Benjamin Amadeo DeLuzio (born August 9, 1994) is an American professional baseball outfielder in the Chicago Cubs organization. He made his Major League Baseball debut with the St. Louis Cardinals in 2022.

Amateur career
DeLuzio was born in St. Louis, Missouri, but grew up in Orlando, Florida, where he attended The First Academy and played football and baseball. As a senior in 2013, he hit .424 with 21 RBIs. He was selected by the Miami Marlins in the third round of the 2013 Major League Baseball draft, but did not sign and instead enrolled at Florida State University to play college baseball for the Florida State Seminoles.

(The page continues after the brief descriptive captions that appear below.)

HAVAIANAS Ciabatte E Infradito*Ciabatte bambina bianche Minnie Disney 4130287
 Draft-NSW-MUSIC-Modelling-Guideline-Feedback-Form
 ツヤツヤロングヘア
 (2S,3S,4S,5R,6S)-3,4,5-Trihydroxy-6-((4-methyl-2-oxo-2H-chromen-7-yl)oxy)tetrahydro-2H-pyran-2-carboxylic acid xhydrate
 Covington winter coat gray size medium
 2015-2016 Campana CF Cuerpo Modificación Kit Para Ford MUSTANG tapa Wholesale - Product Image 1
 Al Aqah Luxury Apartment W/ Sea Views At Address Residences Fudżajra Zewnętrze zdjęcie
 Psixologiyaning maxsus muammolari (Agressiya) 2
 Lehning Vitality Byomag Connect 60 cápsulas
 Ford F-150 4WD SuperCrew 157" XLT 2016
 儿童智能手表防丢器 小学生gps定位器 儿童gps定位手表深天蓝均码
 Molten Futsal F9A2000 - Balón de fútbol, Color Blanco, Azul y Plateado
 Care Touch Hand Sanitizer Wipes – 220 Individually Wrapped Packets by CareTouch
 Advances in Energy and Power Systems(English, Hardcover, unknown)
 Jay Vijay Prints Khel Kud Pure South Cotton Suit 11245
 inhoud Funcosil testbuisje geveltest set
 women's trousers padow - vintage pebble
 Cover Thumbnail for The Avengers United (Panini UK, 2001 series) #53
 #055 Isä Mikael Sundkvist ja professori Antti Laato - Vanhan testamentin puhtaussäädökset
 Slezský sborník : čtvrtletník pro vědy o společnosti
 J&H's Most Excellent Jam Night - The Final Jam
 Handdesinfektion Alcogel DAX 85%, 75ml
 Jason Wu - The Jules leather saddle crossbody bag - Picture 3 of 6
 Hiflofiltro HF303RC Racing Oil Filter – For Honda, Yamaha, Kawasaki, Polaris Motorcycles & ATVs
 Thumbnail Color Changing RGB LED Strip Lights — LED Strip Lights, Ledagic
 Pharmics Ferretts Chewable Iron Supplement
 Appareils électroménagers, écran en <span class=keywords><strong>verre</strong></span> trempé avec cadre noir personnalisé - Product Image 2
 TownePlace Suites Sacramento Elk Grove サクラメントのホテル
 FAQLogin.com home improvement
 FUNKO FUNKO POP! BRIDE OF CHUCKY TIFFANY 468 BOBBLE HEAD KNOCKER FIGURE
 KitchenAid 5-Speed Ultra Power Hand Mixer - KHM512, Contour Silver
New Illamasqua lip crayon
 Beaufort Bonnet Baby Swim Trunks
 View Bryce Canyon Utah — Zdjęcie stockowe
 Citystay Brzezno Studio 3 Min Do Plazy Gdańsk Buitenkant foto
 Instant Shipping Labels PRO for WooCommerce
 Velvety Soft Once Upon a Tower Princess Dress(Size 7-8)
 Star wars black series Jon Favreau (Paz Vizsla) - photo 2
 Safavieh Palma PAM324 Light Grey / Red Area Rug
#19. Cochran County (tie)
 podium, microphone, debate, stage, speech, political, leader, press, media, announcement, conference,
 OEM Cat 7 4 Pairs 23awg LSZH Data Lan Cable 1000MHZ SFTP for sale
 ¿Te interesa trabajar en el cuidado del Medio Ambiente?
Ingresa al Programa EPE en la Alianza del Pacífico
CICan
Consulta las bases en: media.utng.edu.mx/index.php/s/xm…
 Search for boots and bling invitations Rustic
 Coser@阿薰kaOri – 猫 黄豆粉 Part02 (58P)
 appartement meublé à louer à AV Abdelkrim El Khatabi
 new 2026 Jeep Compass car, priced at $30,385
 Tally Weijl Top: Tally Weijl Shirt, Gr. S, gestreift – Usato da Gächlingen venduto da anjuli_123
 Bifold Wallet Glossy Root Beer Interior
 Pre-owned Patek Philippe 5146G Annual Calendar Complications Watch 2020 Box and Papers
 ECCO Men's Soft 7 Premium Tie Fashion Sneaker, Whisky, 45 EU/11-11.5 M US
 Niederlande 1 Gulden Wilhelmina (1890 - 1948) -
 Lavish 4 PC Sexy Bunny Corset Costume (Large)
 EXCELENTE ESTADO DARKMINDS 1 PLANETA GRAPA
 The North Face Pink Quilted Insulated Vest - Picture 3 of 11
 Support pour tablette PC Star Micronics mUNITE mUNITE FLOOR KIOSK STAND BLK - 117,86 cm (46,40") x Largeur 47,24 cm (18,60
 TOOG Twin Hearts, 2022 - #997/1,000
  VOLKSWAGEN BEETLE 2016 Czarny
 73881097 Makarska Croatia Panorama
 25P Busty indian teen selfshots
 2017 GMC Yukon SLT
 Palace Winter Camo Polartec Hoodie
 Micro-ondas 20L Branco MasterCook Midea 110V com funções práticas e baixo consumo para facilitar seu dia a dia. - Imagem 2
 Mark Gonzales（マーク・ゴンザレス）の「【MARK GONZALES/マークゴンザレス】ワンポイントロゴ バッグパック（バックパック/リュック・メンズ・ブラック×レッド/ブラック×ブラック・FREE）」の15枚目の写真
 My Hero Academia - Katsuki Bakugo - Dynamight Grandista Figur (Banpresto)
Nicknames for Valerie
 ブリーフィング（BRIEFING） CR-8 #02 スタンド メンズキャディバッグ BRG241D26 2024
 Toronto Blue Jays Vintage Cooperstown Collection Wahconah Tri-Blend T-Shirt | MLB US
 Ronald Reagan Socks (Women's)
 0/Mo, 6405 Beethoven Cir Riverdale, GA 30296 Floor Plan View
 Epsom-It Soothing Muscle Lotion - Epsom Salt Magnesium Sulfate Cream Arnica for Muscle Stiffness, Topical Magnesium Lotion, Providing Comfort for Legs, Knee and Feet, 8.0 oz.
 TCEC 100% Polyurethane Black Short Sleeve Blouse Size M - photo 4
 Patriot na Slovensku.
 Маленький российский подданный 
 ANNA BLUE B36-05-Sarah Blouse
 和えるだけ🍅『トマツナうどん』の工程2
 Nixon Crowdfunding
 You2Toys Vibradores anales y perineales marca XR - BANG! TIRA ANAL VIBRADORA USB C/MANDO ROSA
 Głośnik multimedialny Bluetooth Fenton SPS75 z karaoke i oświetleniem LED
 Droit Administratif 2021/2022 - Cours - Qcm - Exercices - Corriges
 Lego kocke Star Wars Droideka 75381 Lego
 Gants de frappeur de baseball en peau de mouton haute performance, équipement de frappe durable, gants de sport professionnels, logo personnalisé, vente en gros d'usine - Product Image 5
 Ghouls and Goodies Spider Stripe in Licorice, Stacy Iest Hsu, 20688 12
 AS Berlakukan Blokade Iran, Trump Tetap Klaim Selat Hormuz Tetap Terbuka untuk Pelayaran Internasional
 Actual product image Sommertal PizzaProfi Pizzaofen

DeLuzio was a part of Florida State's starting lineup for all three seasons of his collegiate career. In both 2014 and 2015, he played in the Cape Cod Baseball League for the Hyannis Harbor Hawks.

Professional career

Arizona Diamondbacks 
DeLuzio went unselected in the 2016 Major League Baseball draft following his junior season and signed with the Arizona Diamondbacks as a free agent. He spent six years as a member of the Diamondbacks organization, and reached as high as Triple-A with the Reno Aces in 2019 and 2021.

St. Louis Cardinals 
After the 2021 season, the St. Louis Cardinals selected DeLuzio in the minor league phase of the 2021 Rule 5 draft. The Cardinals assigned him to the Memphis Redbirds to open the 2022 season.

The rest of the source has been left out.